The ever-changing journey through history and British art continues to the present day with John Singer Sargent’s portrait of the author Henry James (famously slashed by the suffragette Mary Wood in the Summer Exhibition of 1914), Sir Winston Churchill’s Winter Sunshine (submitted under the pseudonym David Winter) and the iconic portrait of HRH Queen Elizabeth II by Pietro Annigoni also on display. The final gallery focuses on contemporary work such as Tracey Emin’s There’s a Lot of Money in Chairs and Michael Craig-Martin’s Reconstructing Seurat (Orange) and emphasises the diversity of the works on display, with the bright colours ensuring the display concludes with a light and optimistic feel.

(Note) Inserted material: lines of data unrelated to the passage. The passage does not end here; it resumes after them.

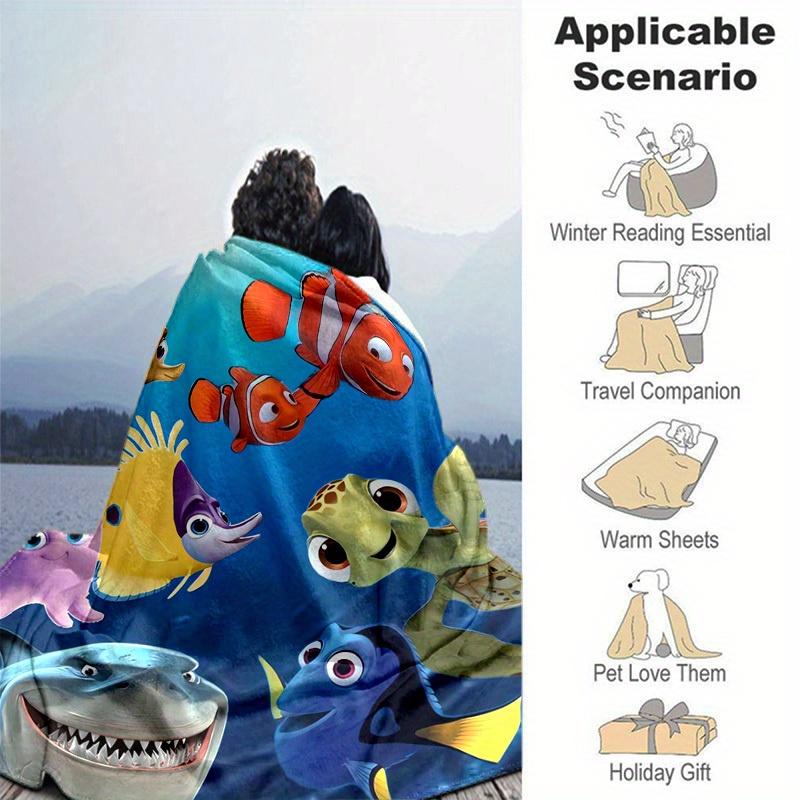 1 pezzo, Amici della Vita Marina di Alla Ricerca di Nemo Morbida Coperta Plaid Perfetta per Arredamento Casa, Copridivano, Uso Esterno, Viaggio
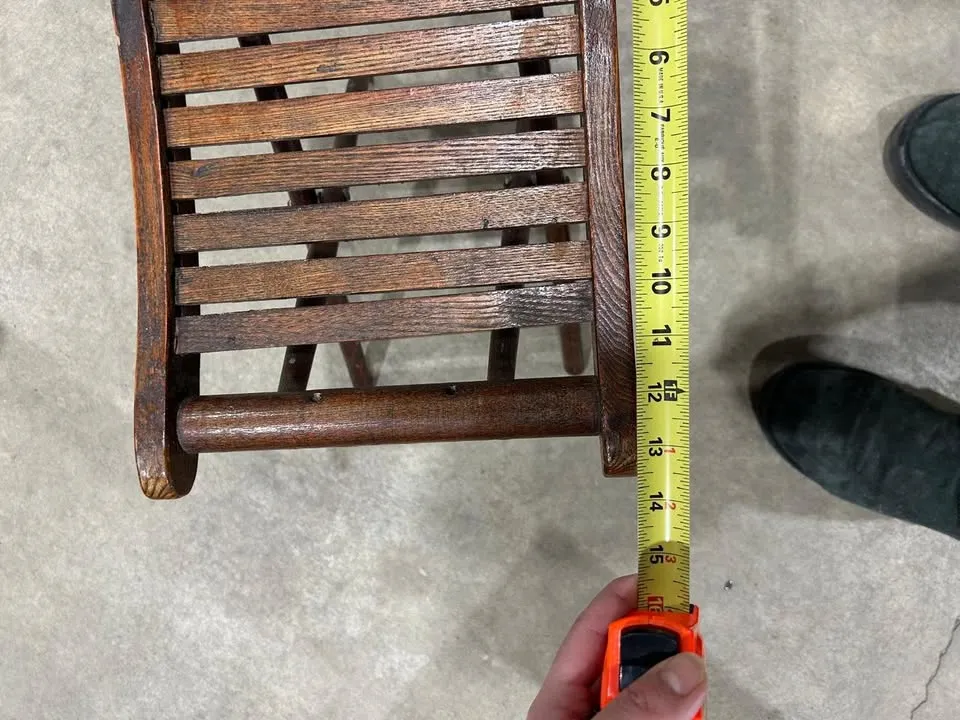 Vintage Wooden Folding Stool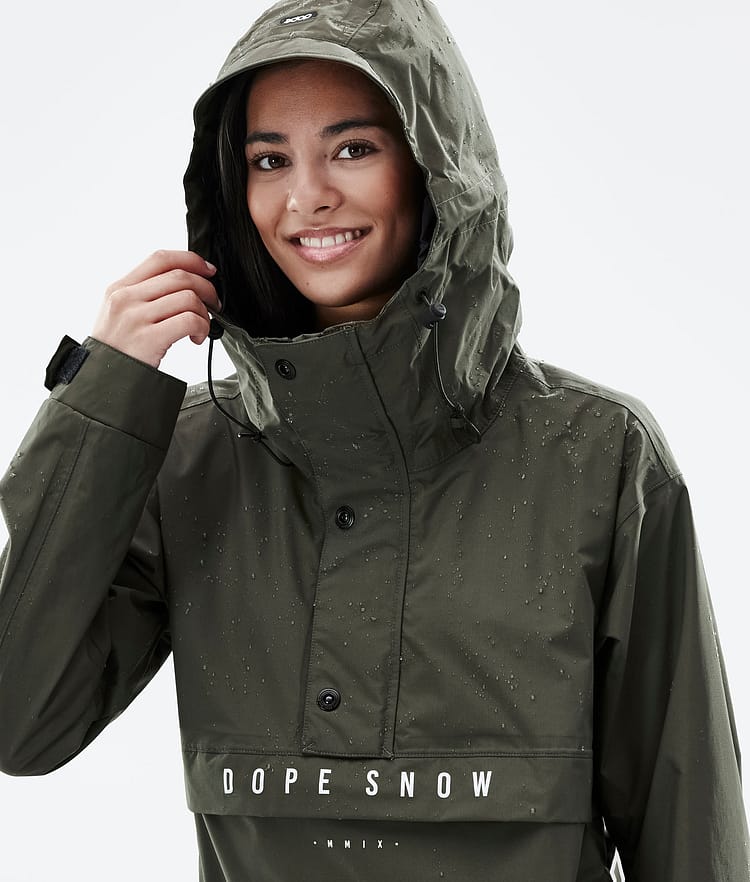 Dope Legacy Light W Outdoor Jacka Kvinna Olive Green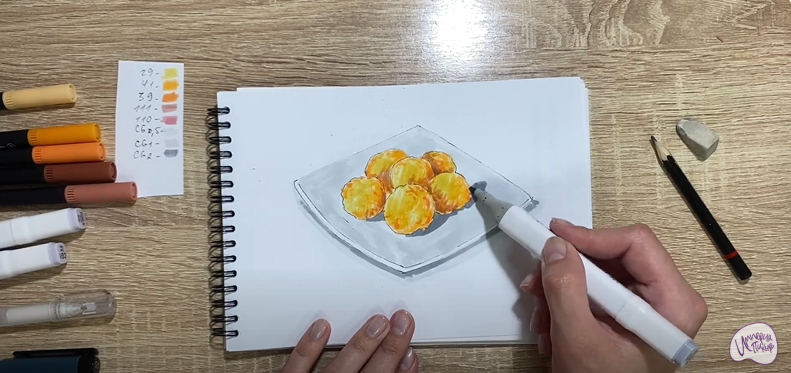 Рисуем Сырные шарики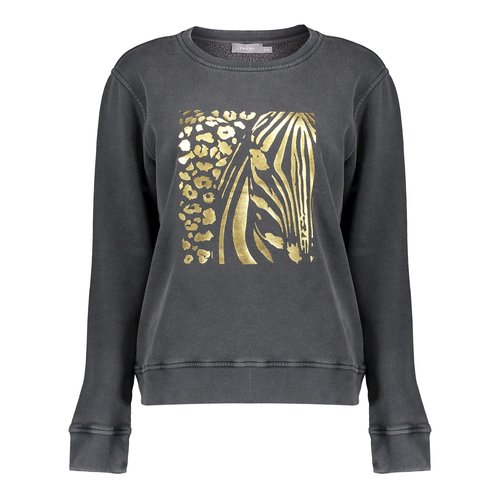 Geisha Geisha sweater mixed animal print 12535-24 Geisha Geisha sweater mixed animal print 12535-24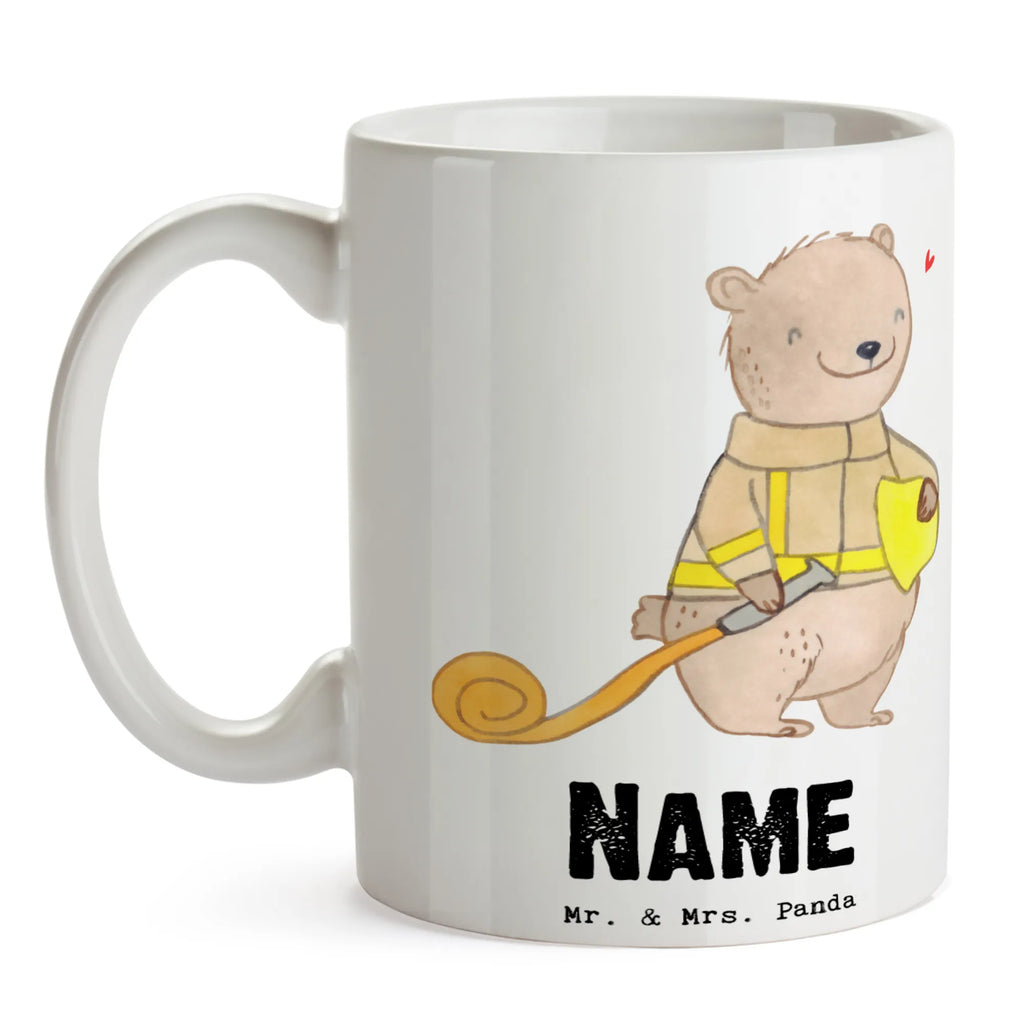 Personalisierte Tasse Bär Freiwillige Feuerwehr Tasse mit Namen, Personalisierte Tasse, Namenstasse, Personalisiert, Namen, Wunschname, Drucken, Tasse, Geschenk, Sport, Sportart, Hobby, Schenken, Danke, Dankeschön, Auszeichnung, Gewinn, Sportler, Feuerwehreinsatz, Tage bei der Feuerwehr, Freiwillige Feuerwehr, Feuerwehrfest, Feuerwehrmannschaft, Feuerwehrdienst, Jugendfeuerwehr, Feuerwehr-Ehrung, Feuerwehr-Spruch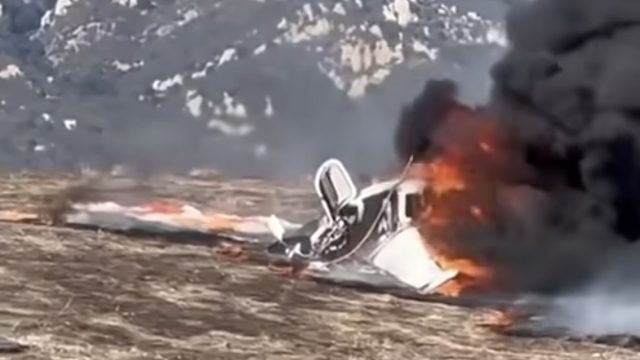 California Highway Patrol officer saves pilot moments before explosion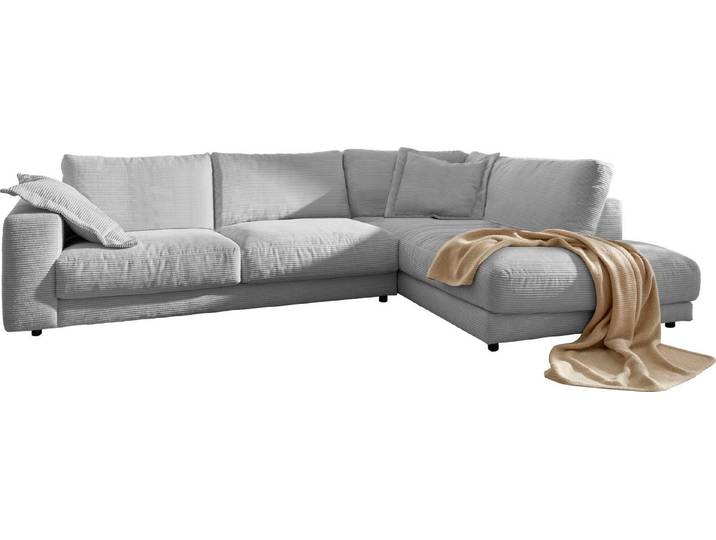 Home affaire Ecksofa Enisa XXL B/T/H: 325/224/85 cm L-Form, Kuschelig, gemütlich, in 5 Farben, Bezug in Cord, mit 2 Zierkissen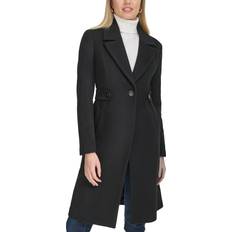 Cole Haan Hann Single Breasted Coat - Black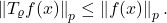 \[\norm{T_\varrho f(x)}_p \le \norm{f(x)}_p.\]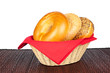 Basket of bagels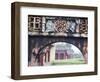 Carved Arch Inside the Imperial Palace, in Hue, Vietnam-David H. Wells-Framed Photographic Print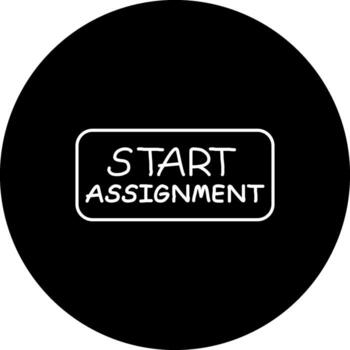 comienzo asignación Delgado botón distinto creativo diseño objeto vector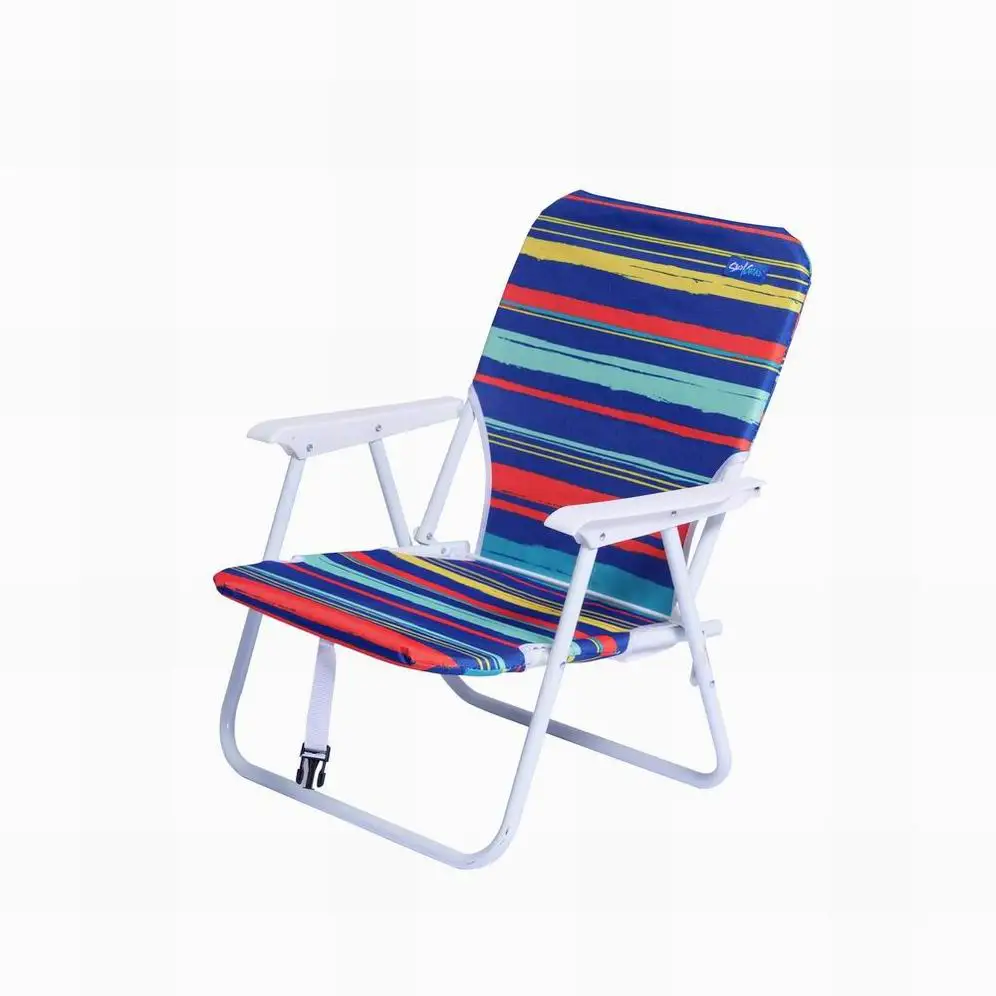 Oem Pool Folding Low Portable Camping Folding Beach Chair Outdoor Portable Advertising Aluminum Alloy Beach Chair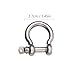 Ipetboom 4pcs 304 Stainless Steel D-Shaped Bow Shackles M6 Metal Shackle Locks for Lifting and Rigging Industrial Use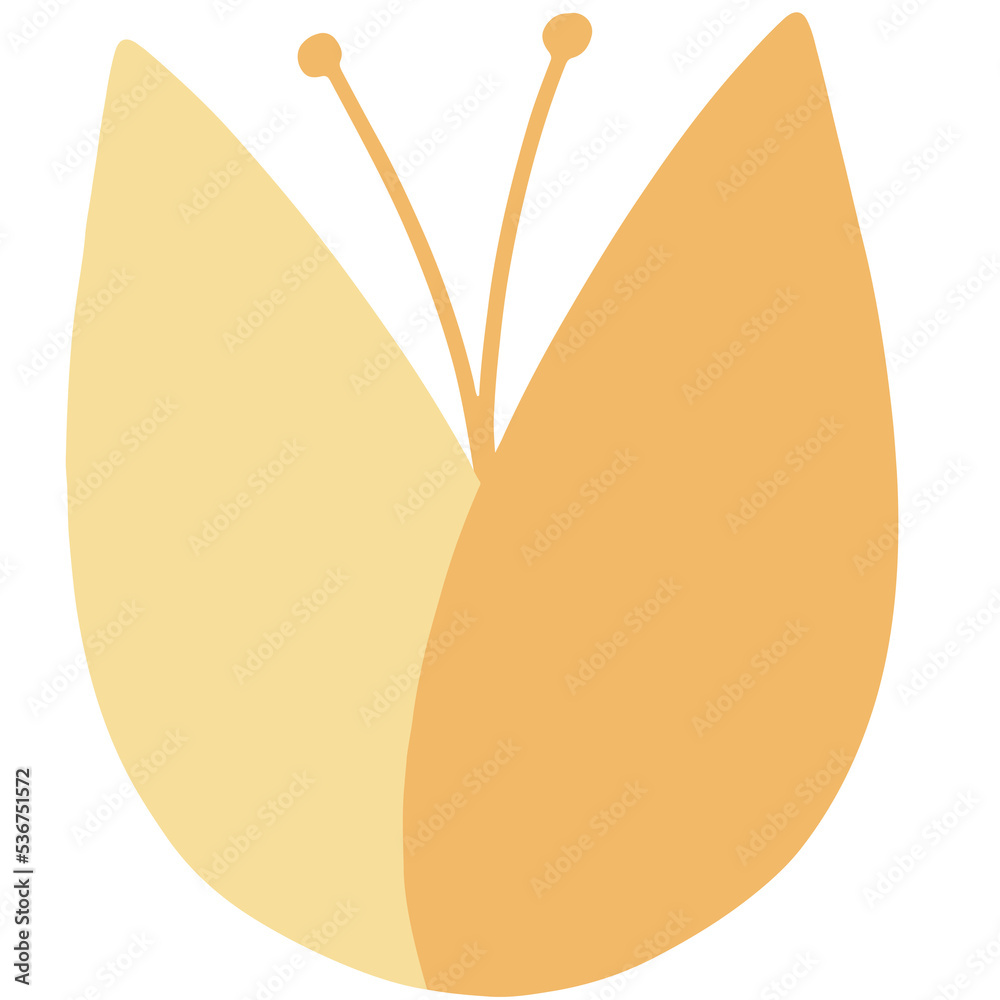 Cute Cartoon Tulip Flower Doodle Illustration Cute Cartoon Tulip Flower Doodle Illustration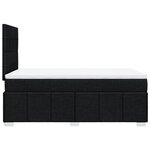 vidaXL Sommier à lattes de lit avec matelas noir 120x190 cm tissu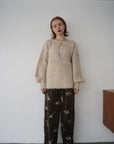 Deep skipper mohair knit
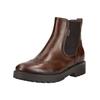 Stiefelette NERO GIARDINI "Nero Giardini Stiefelette Leder/Textil", Damen, Gr. 37, braun (dunkelbraun), Leder, Textil, casual, Schuhe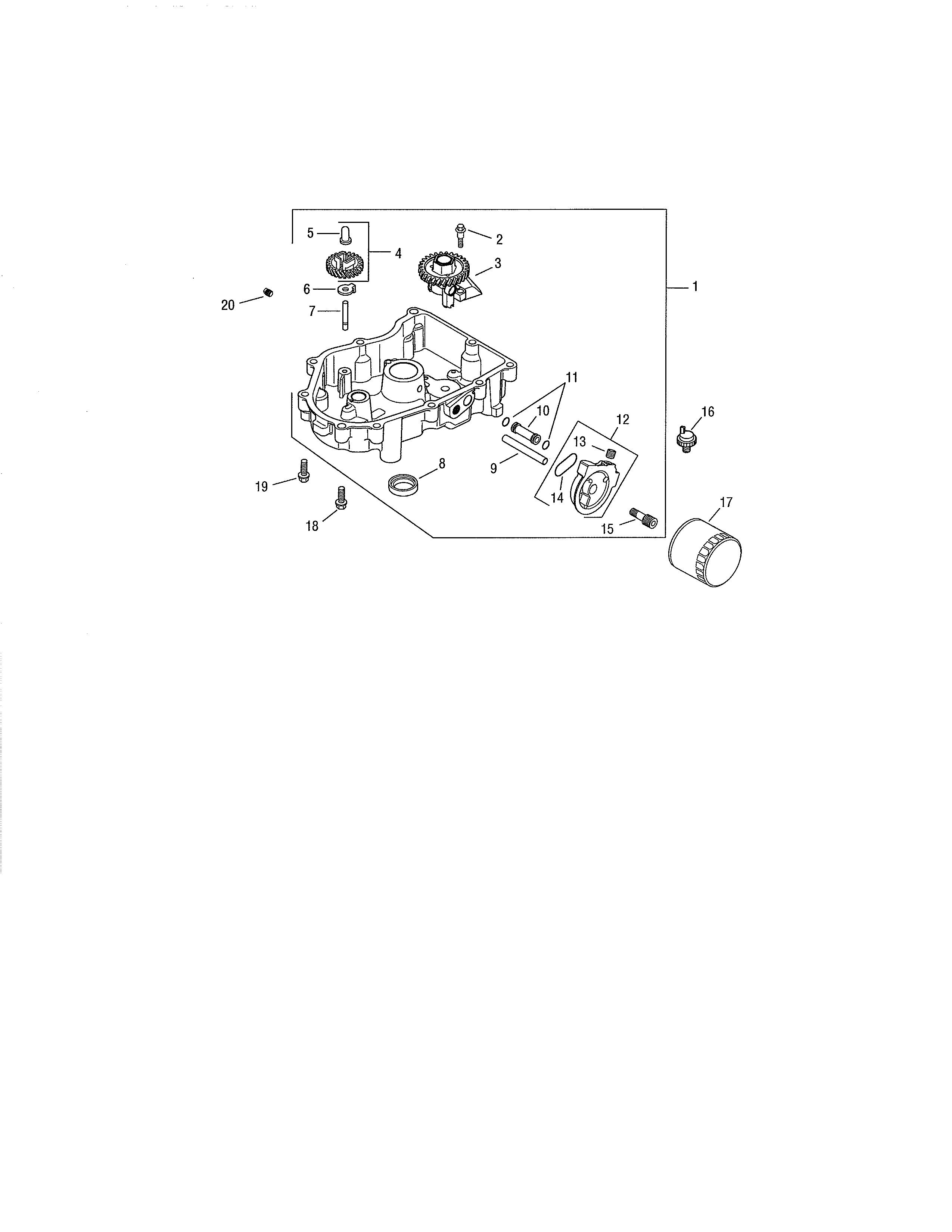Cub Cadet 13AX11CG756 oil pan/lubrication diagram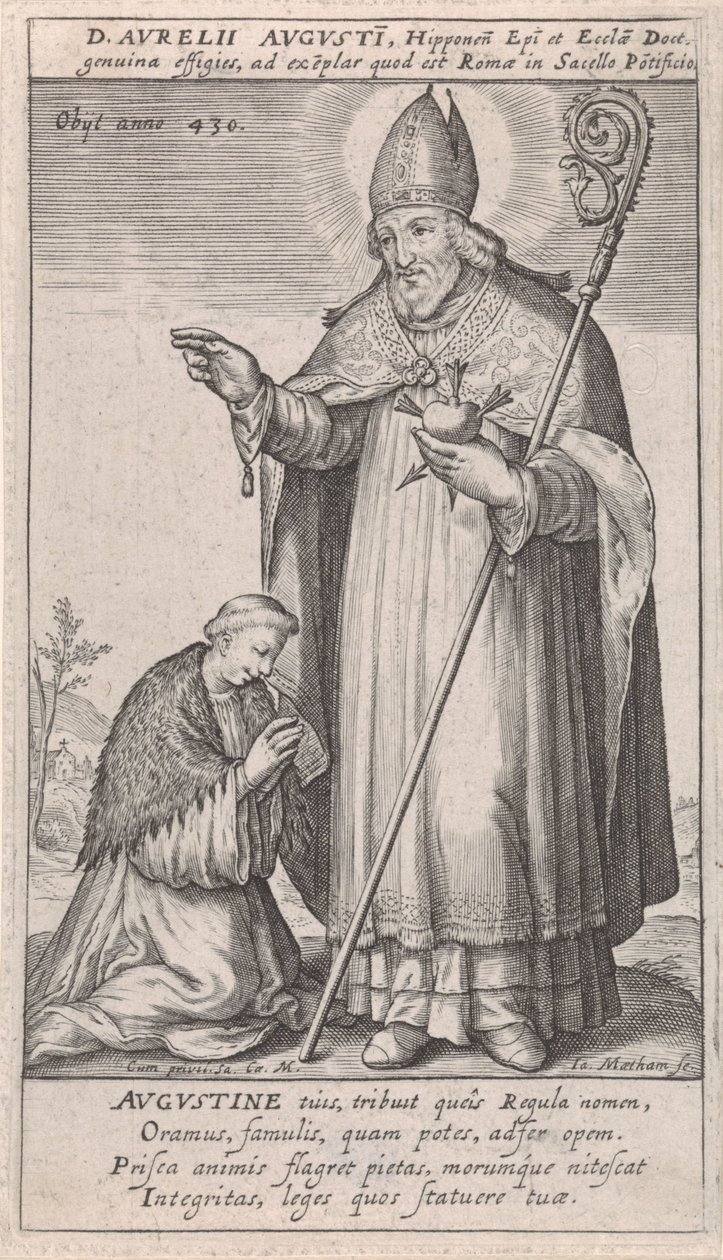 H. Augustyn autorstwa Jacob Matham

Michael Craig-Martin, Reconstructing Seurat (Orange), 2004. Acrylic on aluminium panel, 187 x 280cm © Michael Craig-Martin. Courtesy of the artist and Gagosian

Today the exhibition continues to feature works by distinguished painters, sculptors, printmakers, photographers and architects as well as up-and-coming artists and this year’s Summer Exhibition, under the curatorial stewardship of Grayson Perry, aims to continue to encapsulate the celebratory spirit that this festival of art-making engenders. Perry enthusiastically acknowledged the aim of his stewardship was to “play with a toy box of art” and continue to provide the public with the aesthetic and sensory overload associated with the traditional saloon hanging that is the Summer Exhibition. He has certainly succeeded!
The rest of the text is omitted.